_PROBLEM_.
Give back only the lines in the records below from the one with "View past Floesserbruecke" to the one with "Aotearoa Maori Koru", both inclusive, word for word.

--- INFORMATION PROVIDED ---

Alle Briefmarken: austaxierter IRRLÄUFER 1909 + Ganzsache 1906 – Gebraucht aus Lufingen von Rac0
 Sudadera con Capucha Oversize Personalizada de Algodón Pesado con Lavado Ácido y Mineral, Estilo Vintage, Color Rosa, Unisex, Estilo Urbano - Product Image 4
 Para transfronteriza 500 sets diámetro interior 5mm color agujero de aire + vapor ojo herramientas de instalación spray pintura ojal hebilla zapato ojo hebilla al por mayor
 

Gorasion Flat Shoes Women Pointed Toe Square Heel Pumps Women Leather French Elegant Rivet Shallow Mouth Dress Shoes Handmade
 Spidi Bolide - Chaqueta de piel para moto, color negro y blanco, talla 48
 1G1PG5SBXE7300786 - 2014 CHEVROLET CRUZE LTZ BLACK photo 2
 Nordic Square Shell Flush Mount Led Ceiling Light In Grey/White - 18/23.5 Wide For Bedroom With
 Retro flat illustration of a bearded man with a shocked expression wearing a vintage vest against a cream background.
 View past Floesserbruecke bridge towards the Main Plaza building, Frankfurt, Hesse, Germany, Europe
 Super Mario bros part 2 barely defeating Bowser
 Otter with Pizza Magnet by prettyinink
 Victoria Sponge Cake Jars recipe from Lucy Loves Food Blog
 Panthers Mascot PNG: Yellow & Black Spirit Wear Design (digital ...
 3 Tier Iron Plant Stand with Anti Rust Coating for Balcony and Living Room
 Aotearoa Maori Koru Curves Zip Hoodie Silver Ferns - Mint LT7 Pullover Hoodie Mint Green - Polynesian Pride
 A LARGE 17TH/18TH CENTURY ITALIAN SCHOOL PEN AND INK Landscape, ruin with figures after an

---

_TASK RESULT_.
 View past Floesserbruecke bridge towards the Main Plaza building, Frankfurt, Hesse, Germany, Europe
 Super Mario bros part 2 barely defeating Bowser
 Otter with Pizza Magnet by prettyinink
 Victoria Sponge Cake Jars recipe from Lucy Loves Food Blog
 Panthers Mascot PNG: Yellow & Black Spirit Wear Design (digital ...
 3 Tier Iron Plant Stand with Anti Rust Coating for Balcony and Living Room
 Aotearoa Maori Koru Curves Zip Hoodie Silver Ferns - Mint LT7 Pullover Hoodie Mint Green - Polynesian Pride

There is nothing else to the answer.